Data in this exercise START

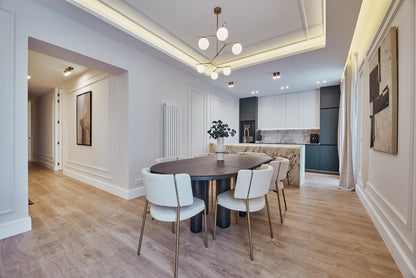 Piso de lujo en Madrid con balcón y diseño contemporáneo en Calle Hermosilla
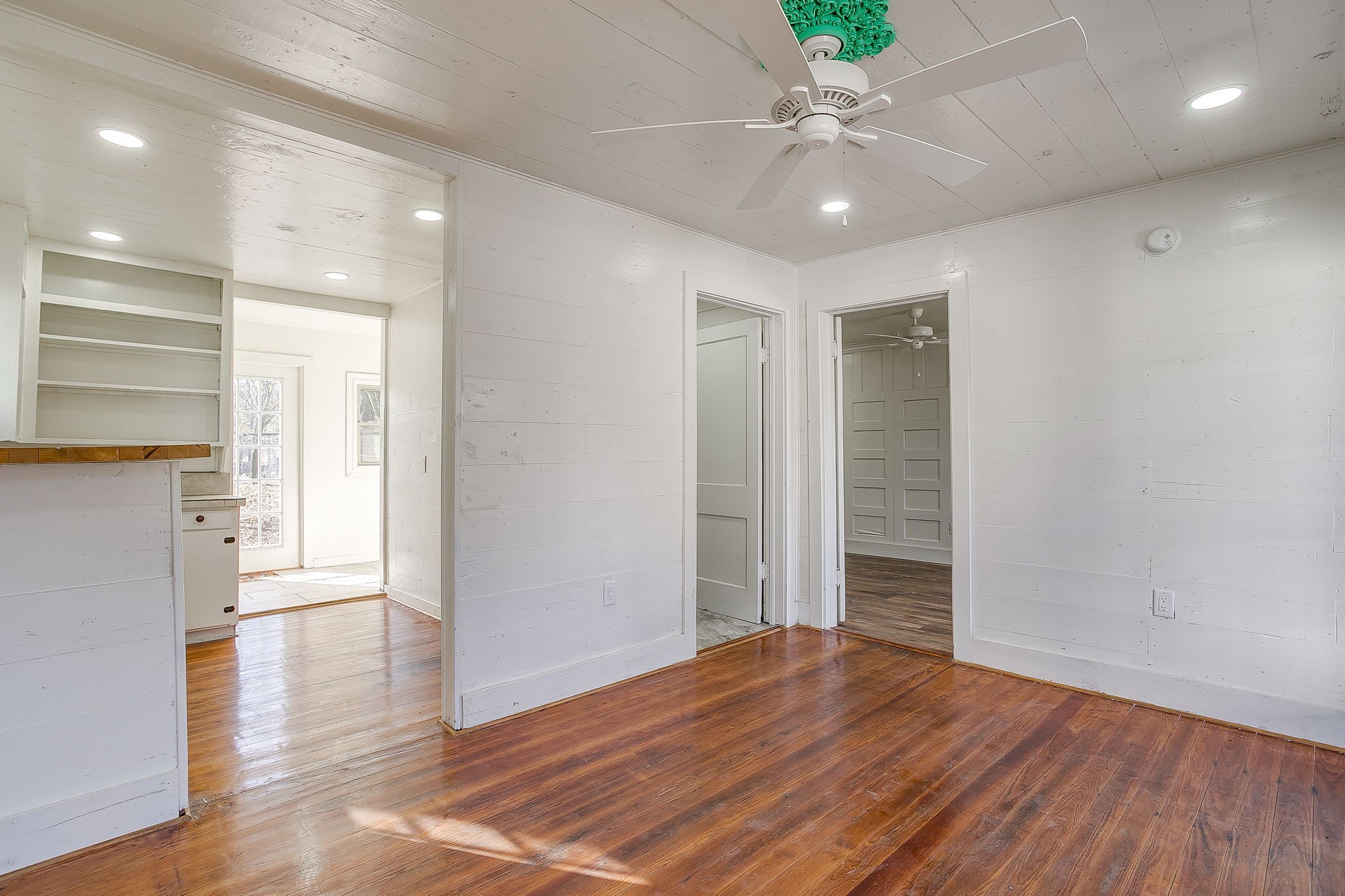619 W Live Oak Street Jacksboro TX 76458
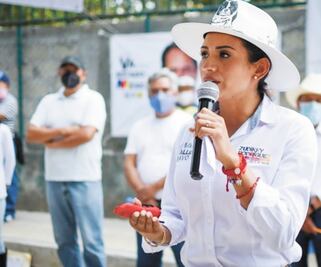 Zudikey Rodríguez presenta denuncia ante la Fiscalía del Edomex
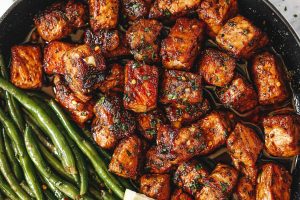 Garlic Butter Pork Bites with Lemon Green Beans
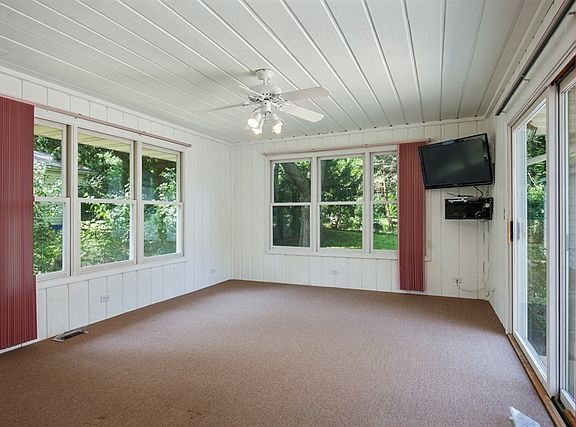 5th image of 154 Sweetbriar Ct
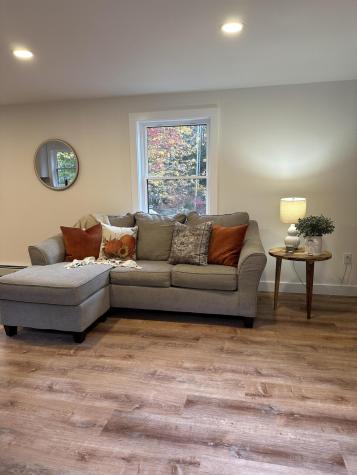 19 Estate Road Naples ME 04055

Data in this exercise END

**Your goal:** From the first line to the last, set down the records above exactly and skip the pictures.

**Result for this exercise:**
 Piso de lujo en Madrid con balcón y diseño contemporáneo en Calle Hermosilla
619 W Live Oak Street Jacksboro TX 76458
 Zudikey Rodríguez presenta denuncia ante la Fiscalía del Edomex
 Garlic Butter Pork Bites with Lemon Green Beans
 5th image of 154 Sweetbriar Ct
 19 Estate Road Naples ME 04055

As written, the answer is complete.